= ABOUT THIS EXERCISE =
Using the data below, transcribe exactly everything from the line that contains "Close-up of the" down to the line that contains "Cheerful fashionable woman". Include both of those lines and none of the pictures.

= INPUT RECORDS =
● ● ● ● ● ● ●

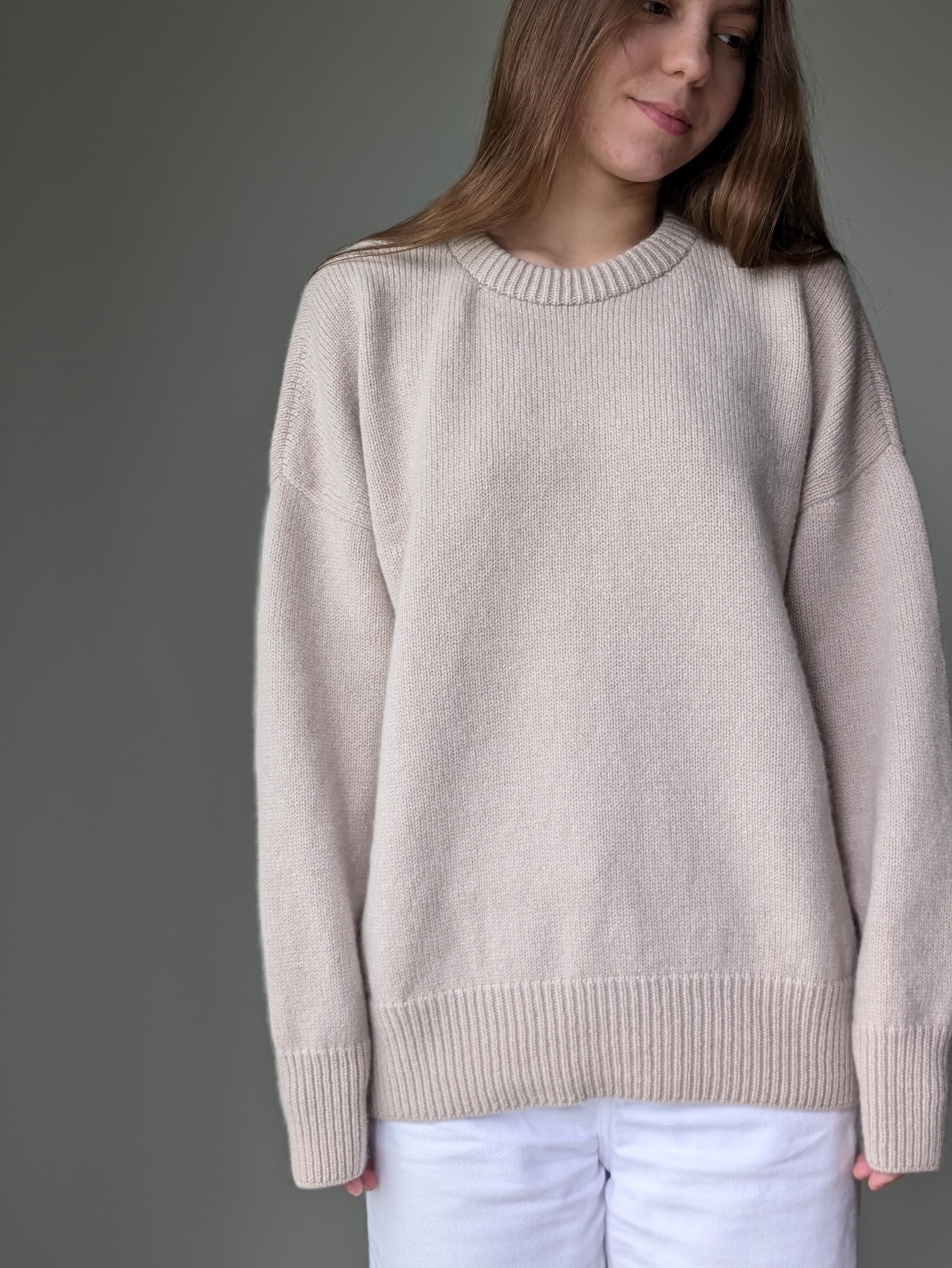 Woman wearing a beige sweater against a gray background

● ● ● ● ● ● ●

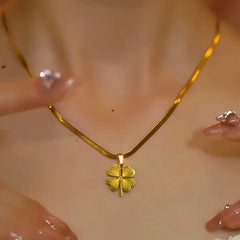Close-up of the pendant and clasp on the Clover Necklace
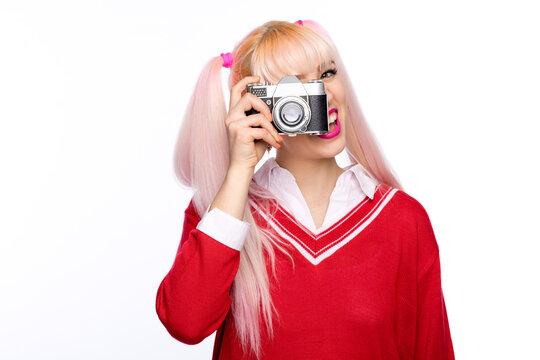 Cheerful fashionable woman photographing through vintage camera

● ● ● ● ● ● ●

= THE COMPLETED TASK =
Close-up of the pendant and clasp on the Clover Necklace
 Cheerful fashionable woman photographing through vintage camera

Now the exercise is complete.